Managing Exchange Server 2013 Mailboxes
Two of the most common tasks that Exchange Server administrators perform are creating and
configuring email recipients. As organizations hire new employees, or employees change positions within the organization, the Exchange administrators need to make sure that the users have the messaging functionality that they require. Most users in an organization will use Exchange Server mailboxes, although Exchange Server 2013 also provides various other mailbox options that can be configured.
Types of Exchange Server Recipients
Exchange Server recipients are any objects within thethe Active Directory Domain Services (AD DS) forest that have been configured with an email address. When AD DS objects are configured
with an email address, they appear in the Global Address List (GAL). Exchange Server 2013 supports the following recipient types:
• User mailboxes.

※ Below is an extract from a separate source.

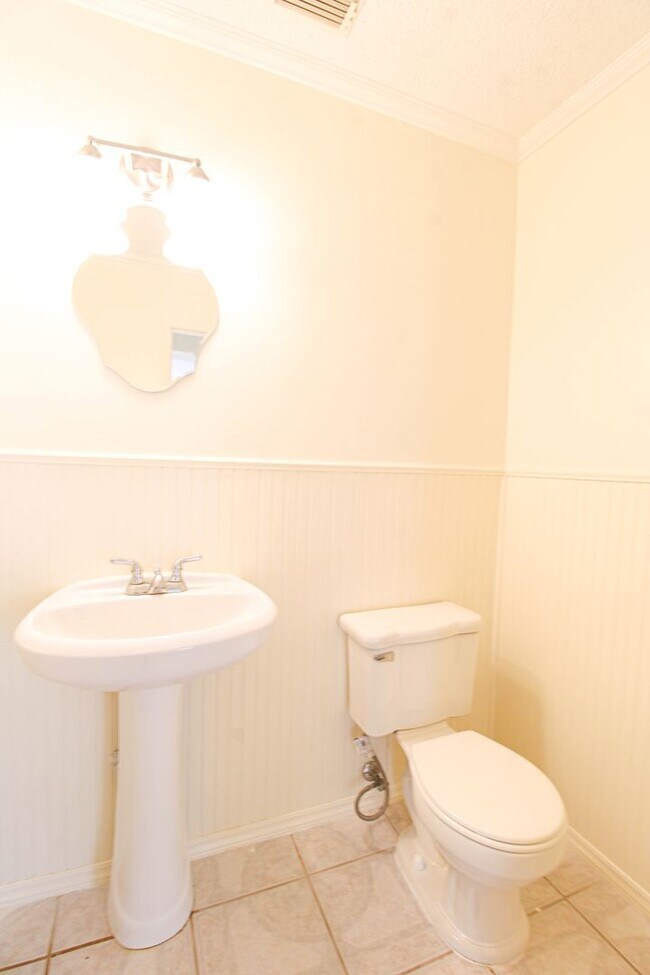Building Photo - 8118 Chestnut Manor Dr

A mailbox that you assign to an individual user in your Exchange Server
organization. This is the most common type of recipient in Exchange Server 2013.

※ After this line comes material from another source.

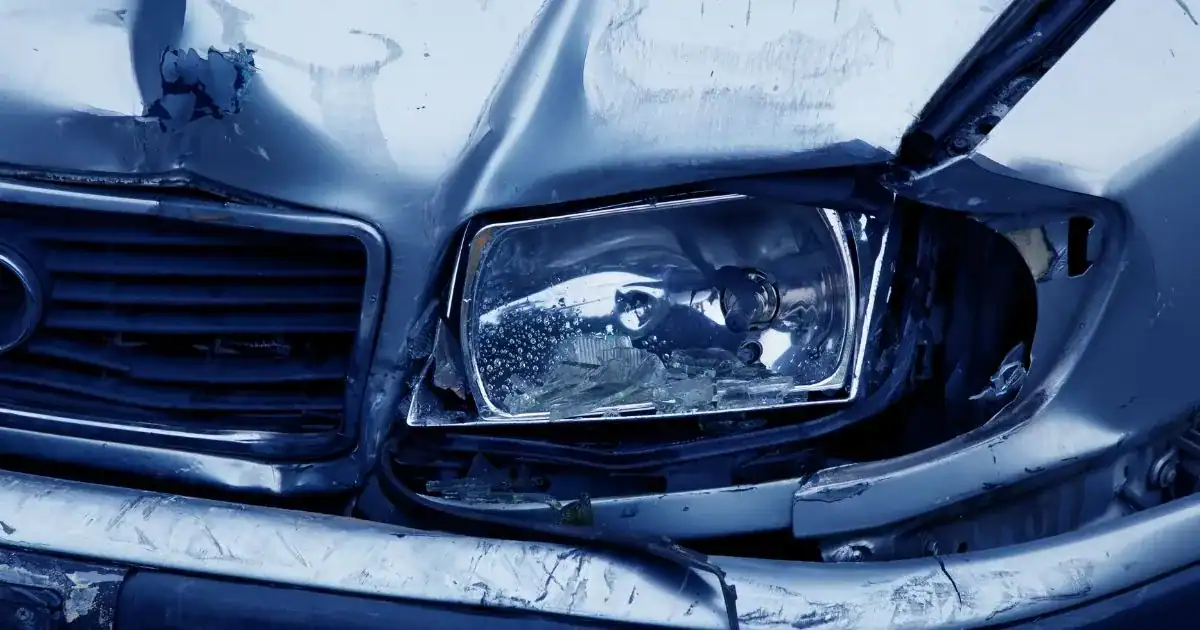 Should You Move Your Car After a Minor Accident?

• Mail contacts. Contacts that contain information about people or organizations that exist outside an Exchange Server organization and that have an external email address. Exchange Server routes all messages sent to the mail contact to
this external e-mail address.
• Mail users. Users who have an AD DS user account but have an external email address. All messages sent to the mail user are routed to this external email address. A mail user is similar to a mail contact, except that a mail user has an AD DS user account with a security identifier (SID). This allows the user account to access resources in the AD DS environment.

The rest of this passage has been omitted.